Oddly, although I am sure, as Rob says, this is true in the big picture 
(a $1000 lens is going to be better than a $100 one), I have found it 
really doesn't necessarily hold water in the "macro" view. (A $200 lens 
is better than a $100).  Canon, for example, has all sort of overlapping 
ranges of lenses in terms of both quality lines and focus ranges.  Some 
lenses which are very reasonably priced, as stellar performers, while 
other considerably more expensive lenses are duds.

Sometimes this is just bad design, or even bad manufacture, but 
sometimes a simple and inexpensive lens design just happens to be one 
which really works well, and has great optical properties.

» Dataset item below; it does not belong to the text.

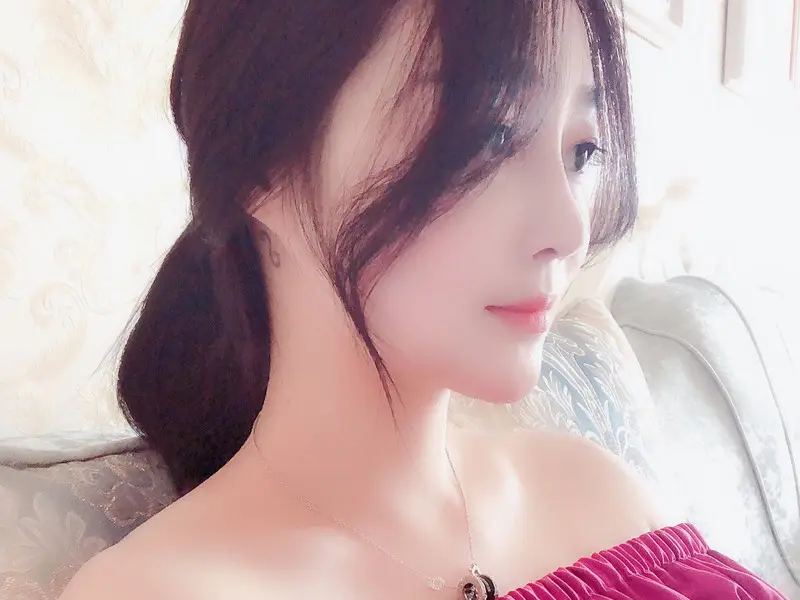 🔥妍er的主播海报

One apparent example of an inexpensive lens which excels well beyond 
it's cost it the autofocus Canon 50 mm 1.7 normal lens.

Of course, beyond optical qualities, other factors are durability over 
time, weight, size, smoothness in use, zoom range, optical speed 
(minimum/maximum aperture), autofocus speed, autofocus noise level, etc.

If people aren't stuck on having a full zoom range, in general, fixed 
focus lenses are better quality and better value.  Also, used lenses can 
often be good value, if they come with some type of warranty.

Lastly, even a well rated lens can perform badly due to bad quality 
control and variability within production.